INFORMATION PROVIDED:
Segment Open
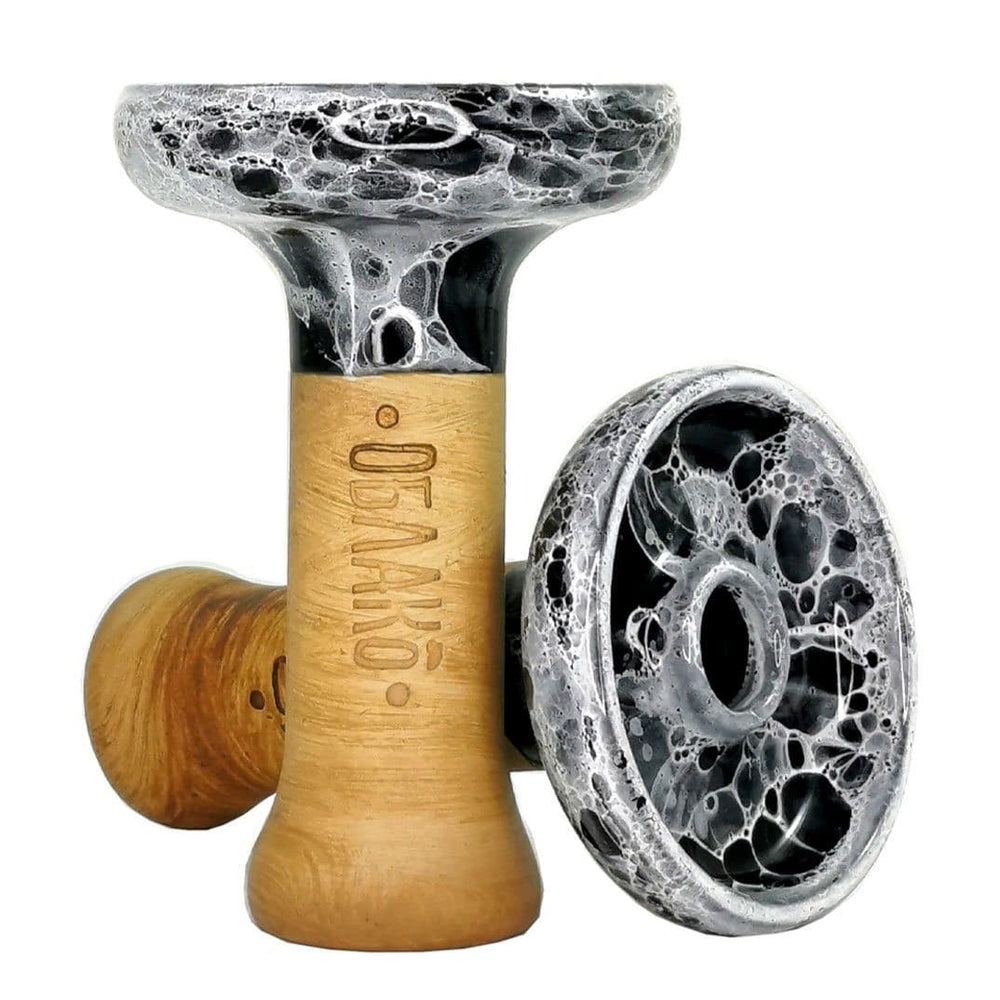 Buy Oblako Phunnel L Glaze Hookah Shisha Bowl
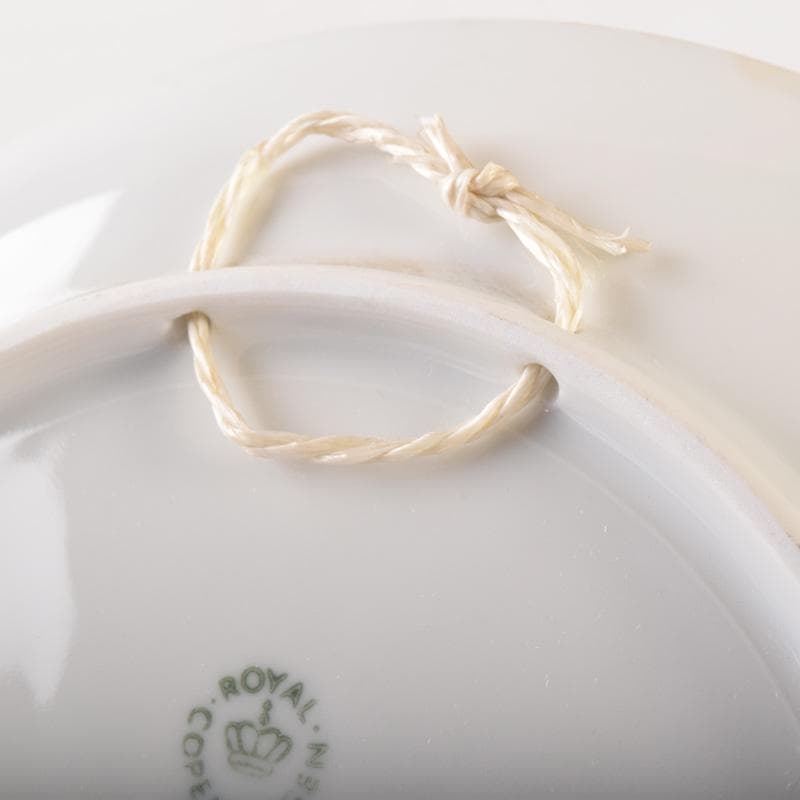 ロイヤルコペンハーゲン　イヤープレートなど　16枚まとめて　D　7175A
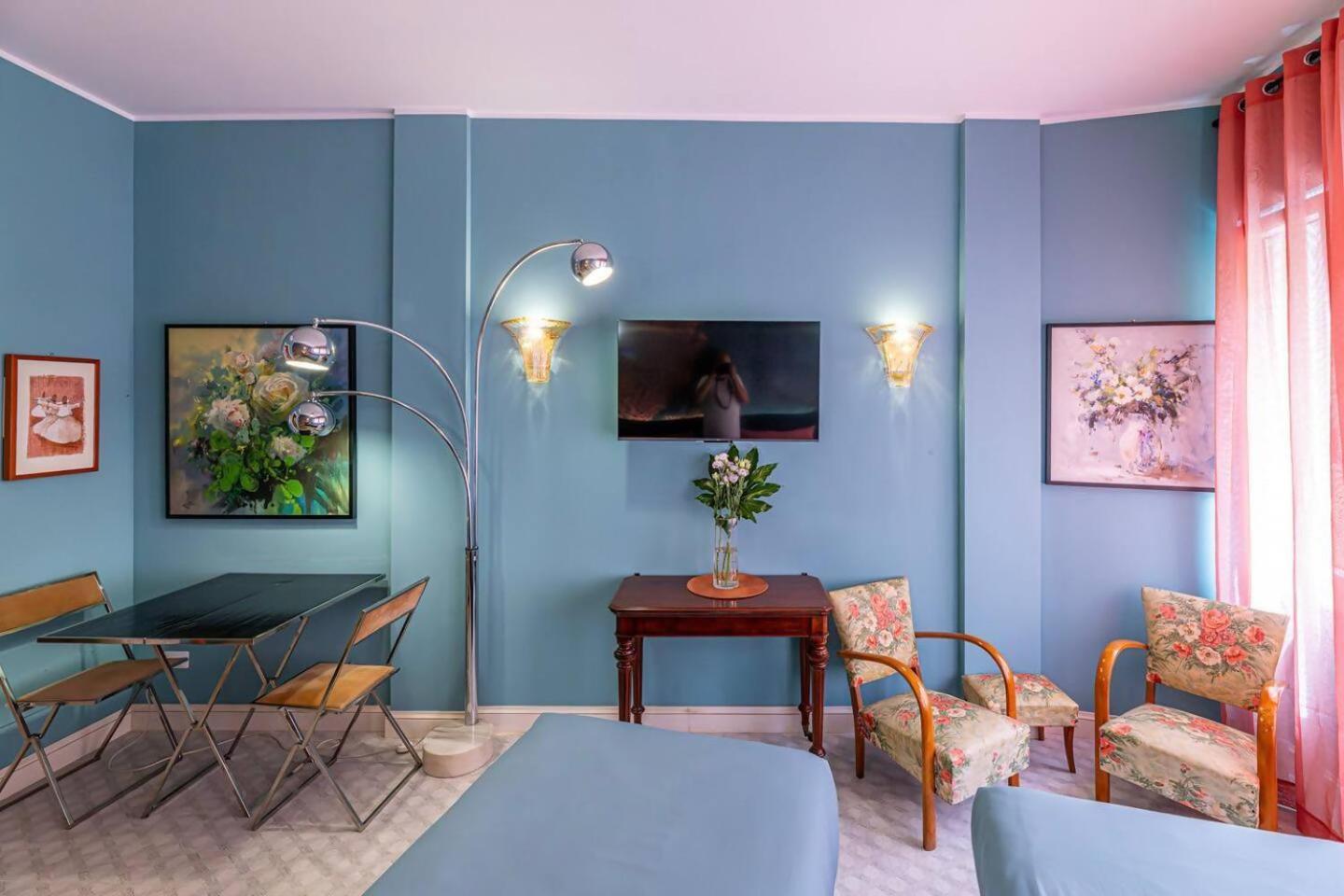 Tu Chiamale Emozioni Intero Apartment *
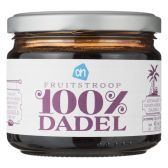 Albert Heijn 100% Dates fruit syrup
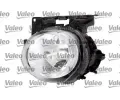 Svtlomet VALEO ‐ VA 044971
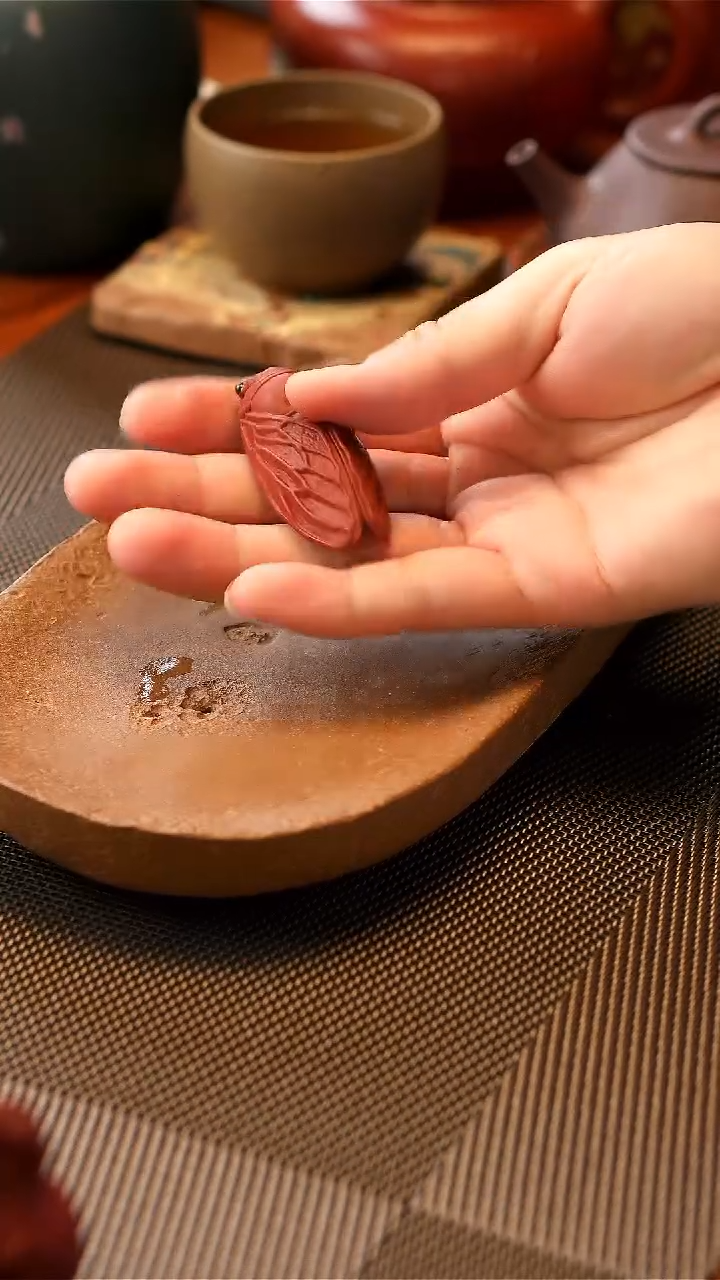 【闪购商品】紫砂茶壶一鸣惊人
Segment Closed
PROBLEM DETAILS:
Please print an exact copy of the records, with no pictures.

SOLUTION BELOW:
 Buy Oblako Phunnel L Glaze Hookah Shisha Bowl
 ロイヤルコペンハーゲン　イヤープレートなど　16枚まとめて　D　7175A
 Tu Chiamale Emozioni Intero Apartment *
 Albert Heijn 100% Dates fruit syrup
 Svtlomet VALEO ‐ VA 044971
 【闪购商品】紫砂茶壶一鸣惊人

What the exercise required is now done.